> Work to complete: Could you transcribe every entry below exactly, leaving out the pictures?

Pictures with short captions
-------

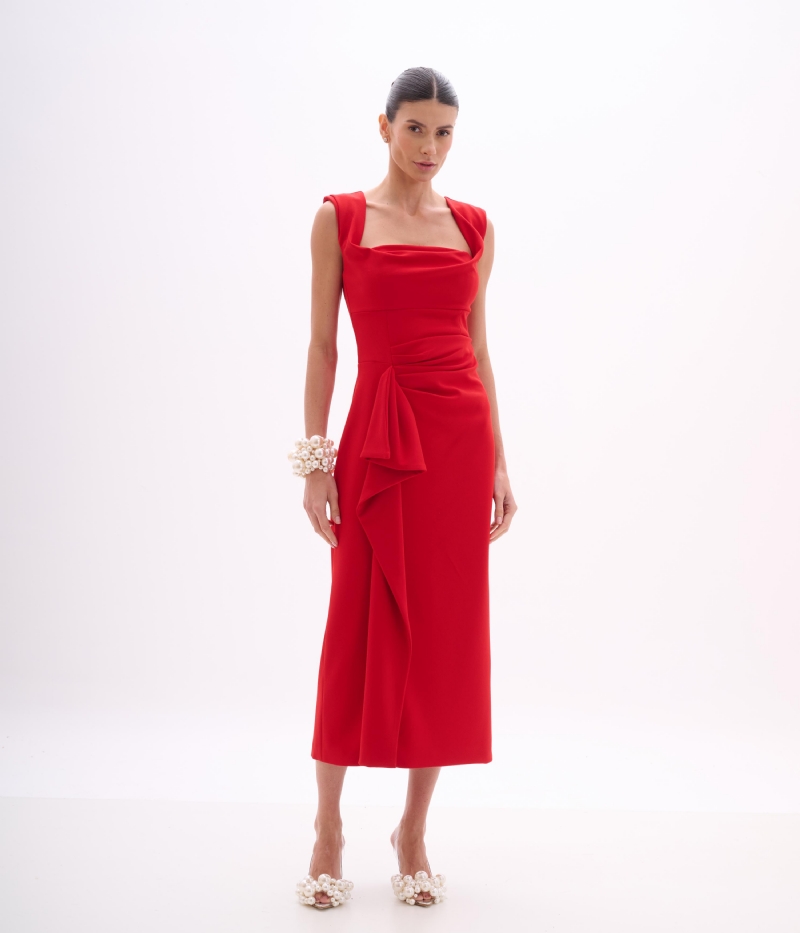VESTIDO EM CREPE DE MALHA COM FENDA POSTERIOR PRETO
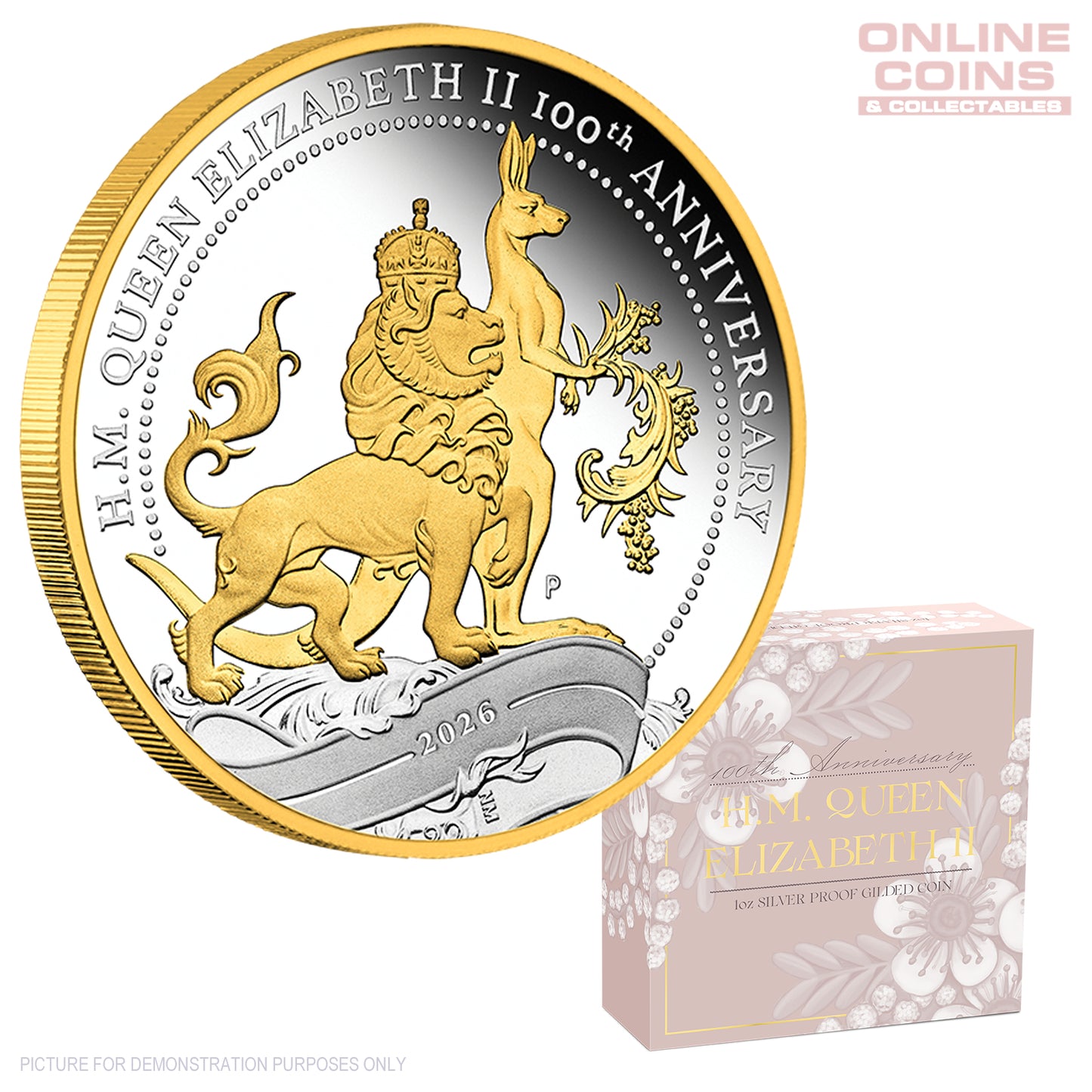 2026 Perth Mint QEII 100th Bday Florin 1oz Silver Proof Gilded Coin
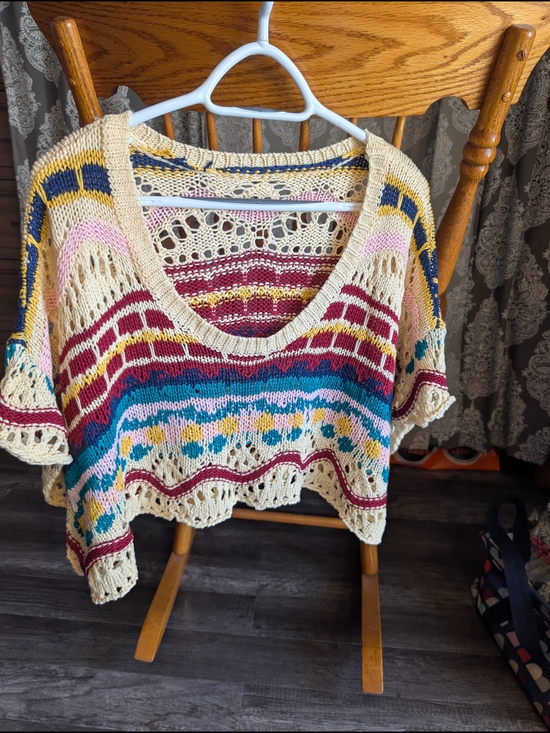 Sweaters - Vintage-Inspired Multicolor Crochet Knit Sweater - Cream & Teal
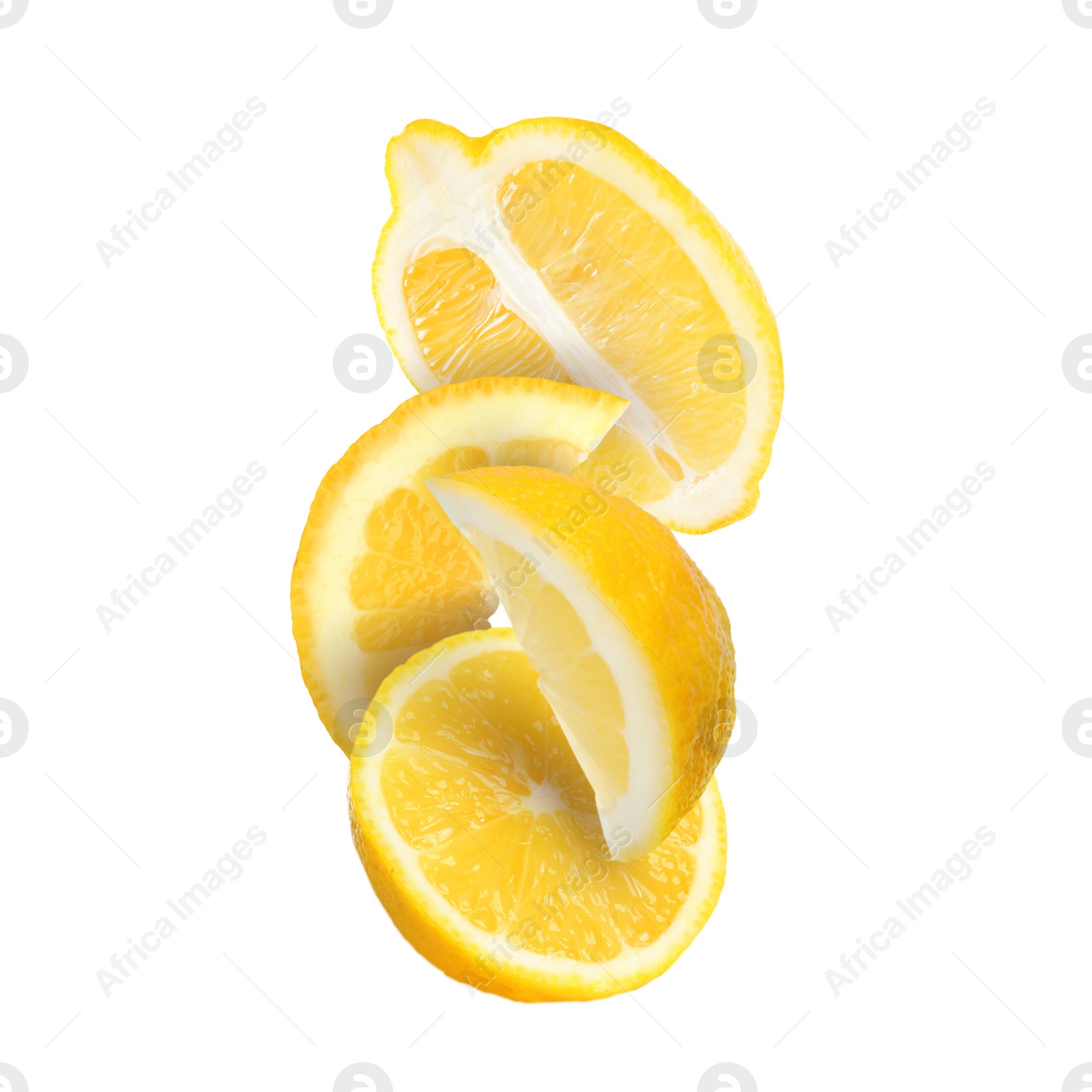 Image of Cut fresh ripe lemons isolated on white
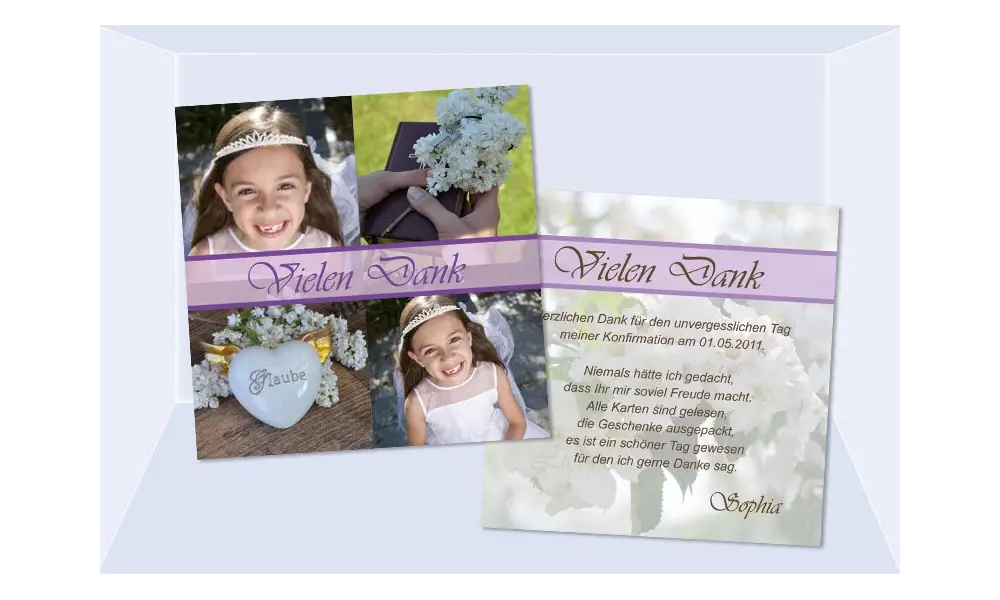 Danksagung Kommunion Konfirmation, viele Fotos, lila flieder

-------

> Result of this task:
VESTIDO EM CREPE DE MALHA COM FENDA POSTERIOR PRETO
 2026 Perth Mint QEII 100th Bday Florin 1oz Silver Proof Gilded Coin
 Sweaters - Vintage-Inspired Multicolor Crochet Knit Sweater - Cream & Teal
 Image of Cut fresh ripe lemons isolated on white
 Danksagung Kommunion Konfirmation, viele Fotos, lila flieder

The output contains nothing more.